### WORK INSTRUCTION
All the data that follows should be repeated exactly, without a single picture.

### DATA SECTION
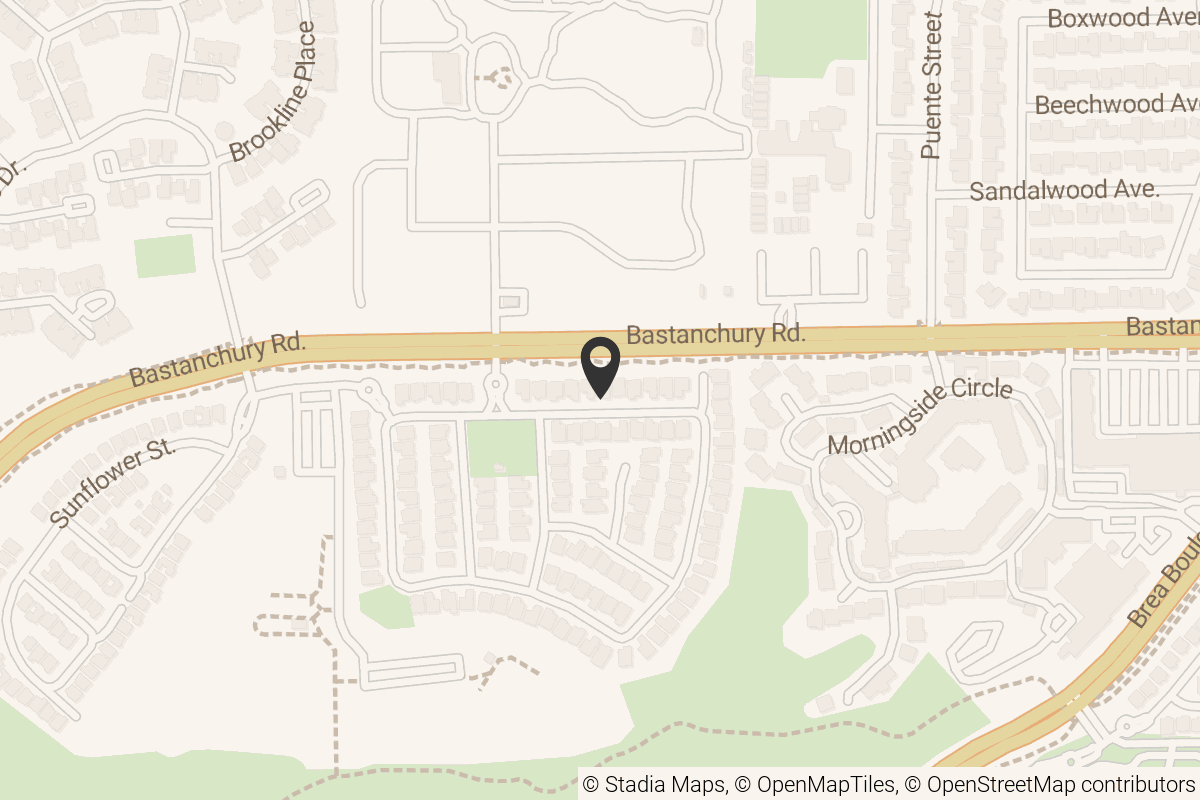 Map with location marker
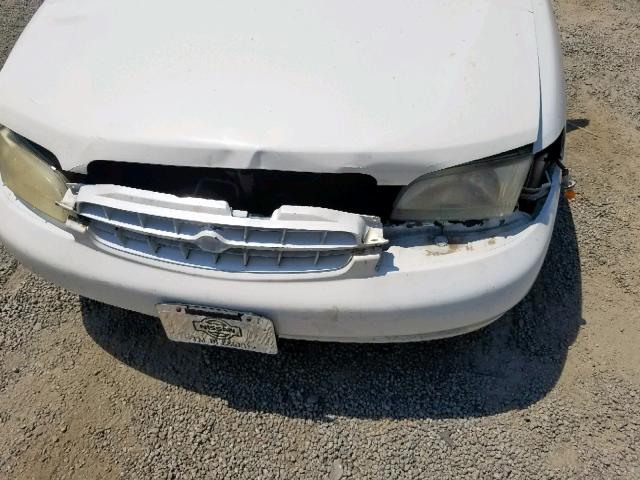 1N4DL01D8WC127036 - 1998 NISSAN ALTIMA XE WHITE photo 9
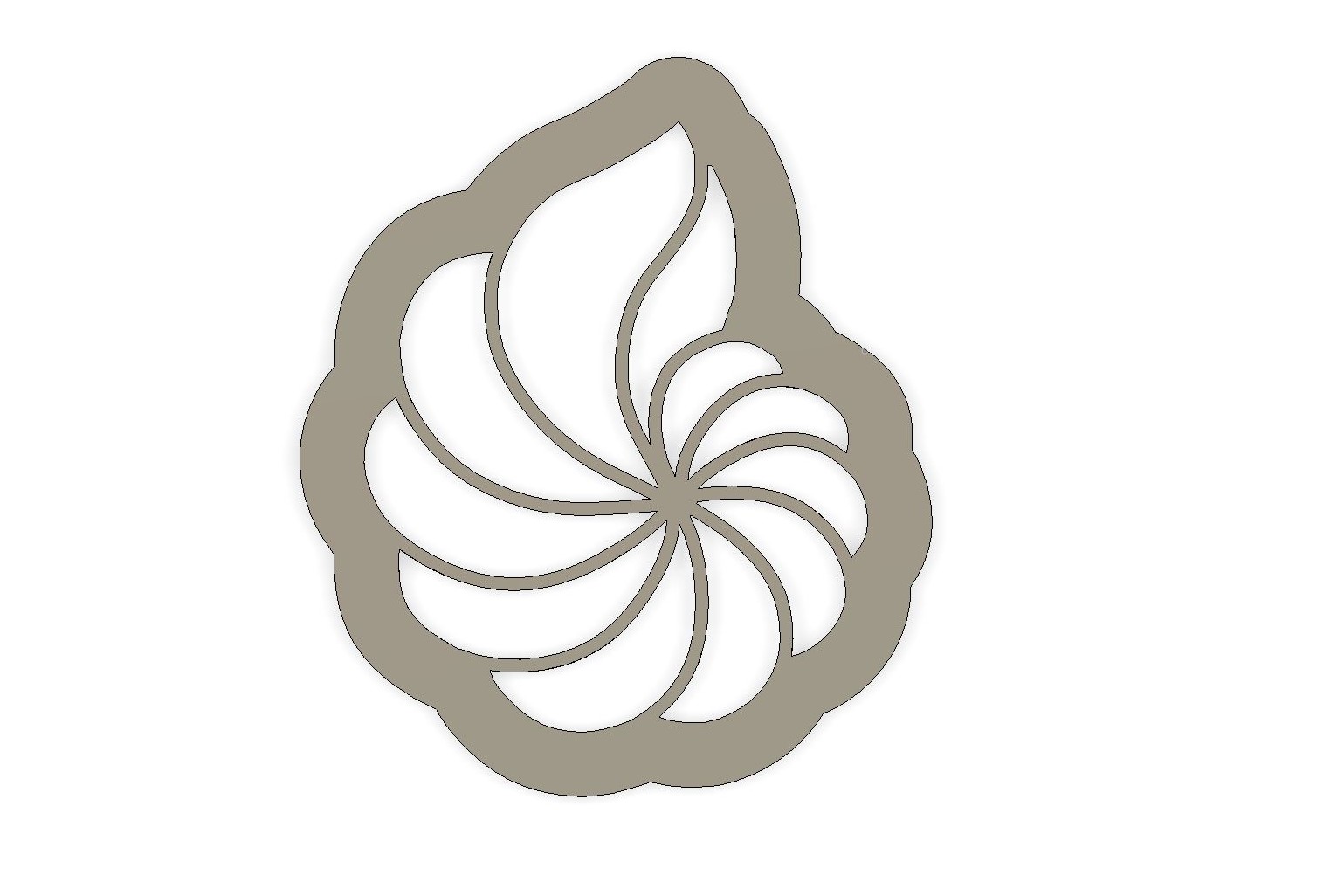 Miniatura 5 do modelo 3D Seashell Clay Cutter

### RESPONSE TO THIS TASK
 Map with location marker
 1N4DL01D8WC127036 - 1998 NISSAN ALTIMA XE WHITE photo 9
 Miniatura 5 do modelo 3D Seashell Clay Cutter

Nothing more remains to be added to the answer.